I have been deep into Latex for the last little while, pounding out my thesis. It is a long process that involves a lot of editing, rearranging, and tweaking. Every time I revise another paragraph, I give thanks that I am using fast and powerful BBEdit, and not something slow and cumbersome like Word. But something has been missing.
A couple weeks ago, I read a post by Brandon Rhodes titled “One sentence per line”. He quotes the following advice from “UNIX for beginners” [PDF] by Brian Kernighan. Kerninghan is the K in AWK, so pay attention.
Start each sentence on a new line. Make lines short, and break lines at natural places, such as after commas and semicolons, rather than randomly. Since most people change documents by rewriting phrases and adding, deleting and rearranging sentences, these precautions simplify any editing you have to do later.
One common feature of Latex, HTML, Markdown, and many other markup languages is that they ignore single line feeds in the document source. Only my collaborators and I will be reading the source, so I can format it however I want. I might as well make life easy on myself.
Return policies
If line feeds do not affect the final document, when should I end a line?
On the one hand, I could press return only when necessary, for example, to end a paragraph. My document will contain long lines, but my text editor can wrap them for me. On the down side, the long lines could cause some trouble when I work from the command line, which generally won’t wrap lines intelligently. Also, programs which compare two versions of a file will usually be less helpful since they report differences on a line-by-line basis. (Using a word-by-word diff program will improve this, but the results are still inferior to a line-based diff of a file with short lines.)
On the other hand, I could wrap text using hard returns. Most editors will do this for me, so I’m not actually pressing return at the end of each line. This will result in shorter lines, which will make the text easier to read from the command line. In Latex I will get more precise error location, since Latex reports errors by the line on which they occur.
One disadvantage of hard wrapping is that it makes editing awkward. If I add one word to one line, I will end up pushing a single word down to the next line. Then my obsessiveness requires me to “reflow” the paragraph, removing line breaks and inserting new ones so that the lines are the same length. Even though most text editors automate the reflow process, making changes becomes quite tedious—edit, reflow, edit, reflow, edit, reflow, etc. Furthermore, each edit results in many lines changing, so comparing two documents is not much easier than when I soft wrap. Even worse, reflowing paragraphs often removes line breaks that I put in on purpose.

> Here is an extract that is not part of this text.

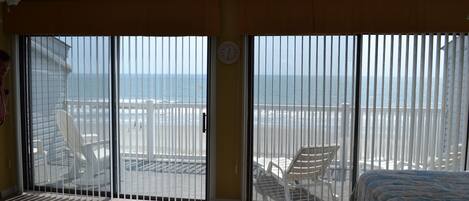 Una habitación con cama, una silla y vista a la playa a través de amplios ventanales correderos.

For example, if I make a change to the beginning of a paragraph that ends with the following text:
which can be found using the formula
\begin{equation}
a^2 + b^2 = c^2 .
\end{equation}
This is called the Pythagorean theorem.
Reflowing is often overagressive, resulting in
which can be found using the formula \begin{equation} a^2 +
b^2 = c^2 . \end{equation} This is called the Pythagorean
theorem.
The reflowed text is still correct, and will produce the same output, but is much harder to read. This kind of thing is especially a problem in a Latex math document, where I am often switching back and forth between prose and structured mathematical formulas.
A better way
Kerninghan’s suggestion to end lines at natural breaks solves many of these issues. Documents will have short lines, which is helpful for when I need to work in a terminal or send parts of a document by email. Edits will generally change a small number of lines, which makes the diff tools work.
I get the added benefit of being able to rearrange sentences and phrases much more easily. For complicated technical statements, I can use newlines and even indentation to make the source easier to parse.
The disadvantage is that I now have to push the return key at the end of every line. For a simple document that won’t go through many revisions, this may not be worth it. But Kerninghan also points out that most documents require more revisions than we initially expect. For a dissertation, and probably any academic paper, it is worth the extra effort.
Old habits die hard
Even after a few days of ending my lines manually at natural breaks, I often find myself getting close to the “right margin”. Usually, there is a perfectly placed comma a few words back where I should have ended the line.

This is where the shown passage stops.